Eliana Eugênia da Silva Rodrigues, 33, trabalhava como sapateira em uma fábrica do Distrito Industrial. Há duas semanas, foi despedida. Para ajudar no sustento de casa - é mãe de uma menina de dez e de um garoto de 14 anos - se juntou ao marido, também desempregado, e foi trabalhar na colheita de café em uma fazenda de Pedregulho. Na quarta-feira, choveu e não houve serviço na roça. O casal aproveitou o dia livre para tentar sacar o FGTS e resolver problemas particulares. Na volta para casa, o Monza da família estragou. Ela foi empurrar, foi atropelada por uma Kombi e perdeu as duas pernas.
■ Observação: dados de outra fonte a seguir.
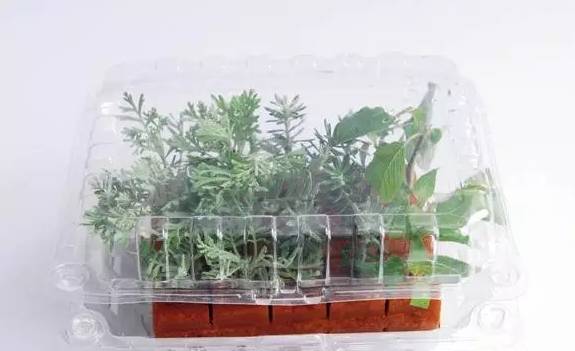 海绵育苗法，你听说过吗？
A mulher foi submetida a uma delicada cirurgia com três horas de duração. Os dois membros inferiores foram amputados um pouco abaixo dos joelhos. Eliana saiu do centro cirúrgico e foi encaminhada ao CTI (Centro de Terapia Intensiva). Sua recuperação é surpreendente. Ontem, já foi para o quarto. O quadro clínico é estável e ela não corre risco de morte. Se a situação não se alterar, deverá receber alta médica dentro de três dias.
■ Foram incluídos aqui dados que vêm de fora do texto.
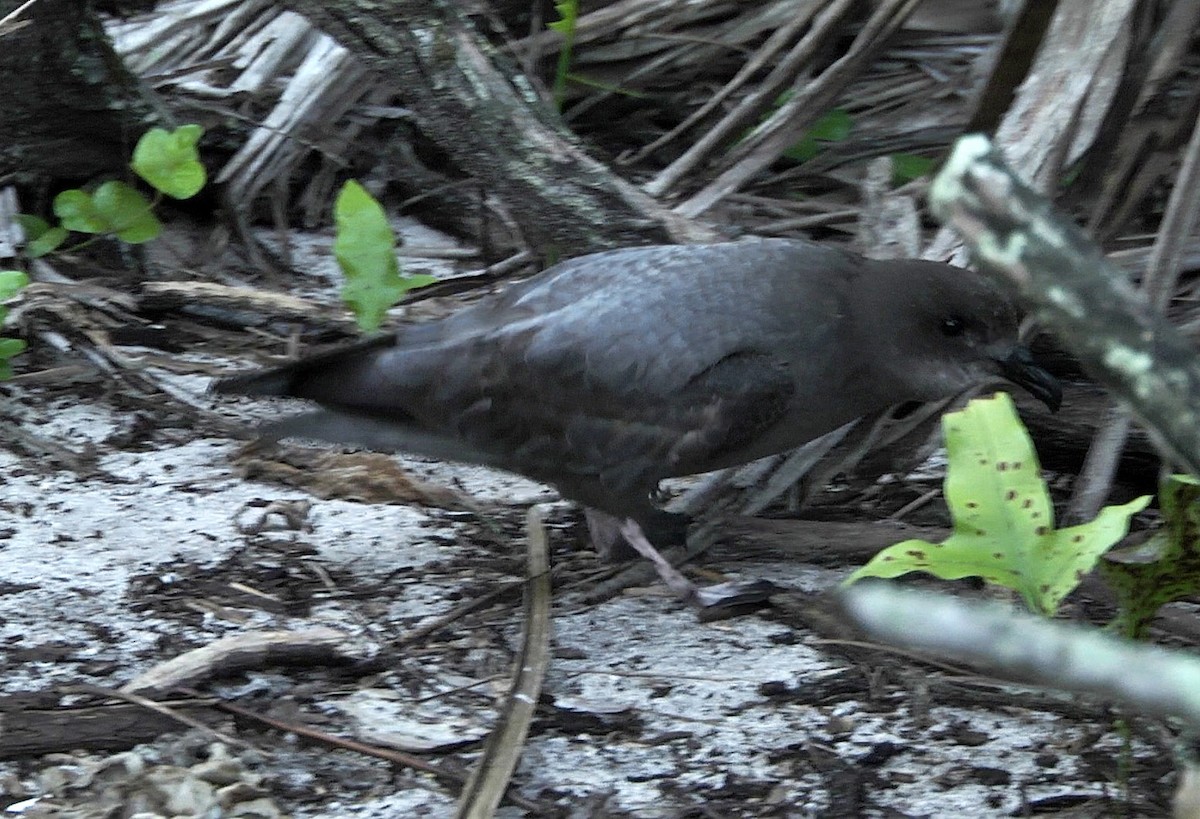 Murphy's Petrel - ML205052811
Se o acidente chocou a cidade em função da violência, imagine a dor causada aos familiares da vítima. "Estou arrasada e tentando reunir forças para conseguir ficar frente a frente com ela. É um sofrimento muito grande. Não tem explicação", comentou a dona de casa, Aparecida Fogaça, mãe de Eliana. O relato foi feito momentos antes de a mulher sair de casa para visitar a filha no hospital. Apesar do sofrimento, não aparentava revolta. "Ela perdeu as pernas, mas, o mais importante, é que Deus devolveu a vida à minha filha".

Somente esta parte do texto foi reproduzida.